Architecturally speaking, is there anything more dull than a car park?
Structures have many reasons to be standing, but it stands to reason they should serve the people they’re built for. We should expect them be easy to access, to leave, and fun to get around. They should provide comfort, calmness, or inspiration, allowing us to do our jobs, or just bide our time, in peace.
More than anything, though, we should expect architecture to be beautiful, since our relationship to it, at both a fundamental and logical level, ought to be one of pleasure. And maybe I’ve not travelled enough, but in my experience, car parks – or parking lots, outside my home islands – don’t serve this last function.
They’re the opposite of a park, for one thing, with all the various connotations of that word (the British term, to be grammatically precise, just describes what happens in them, like calling an actual park a dog walk or human sit). They’re also a visual blight, extending the concrete sprawl of modern cities, and filling once green land, like a grey slick. Built to house hundreds of vehicles at rare hours of high capacity, they are also, most of the time, empty: a literal waste of space.

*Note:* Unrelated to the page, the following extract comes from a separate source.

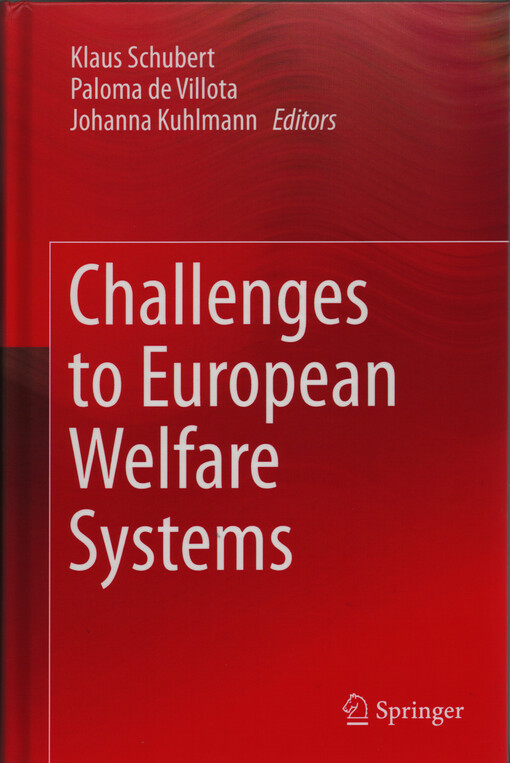 Challenges to european welfare systems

To be fair to car parks, they don’t quite make the leap into the despised zone of ‘hostile architecture‘: those deliberately uncomfortable structures and pointless ornamental additions whose only point is to prevent people relaxing, or – as if often the case around public spaces – stop them from skateboarding. Yet car parks still seem to me deliberately ugly, as if, for their creators, the idea of them being otherwise is only laughable.
So why am I talking about them here?
The truth is, without car parks, my life would be evidently poorer.

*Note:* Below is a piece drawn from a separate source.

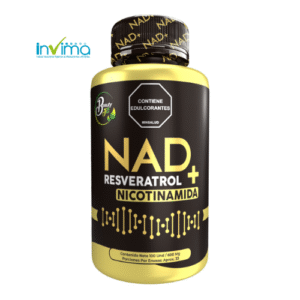 NAD+ Resveratrol y Nicotinamida: El Secreto para la Juventud Celular y Vitalidad ✨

For a large part of the year I live on the university campus where I also work; a scattered sprawl of postwar and later buildings, constructed in what was once (and mostly still us) a leafy country estate. One of the university’s reasonable claims to fame is its self-sustainability, sucking most of its energy from the wind turbines and solar-energy farms housed on its lands. A good job, in both senses of the term, since the campus – originating, for various reasons, on a hill in the middle of nowhere, with little public transport – also has to accommodate the several hundred cars now traveling to and from it every day.
Which is how I find myself surrounded by car parks.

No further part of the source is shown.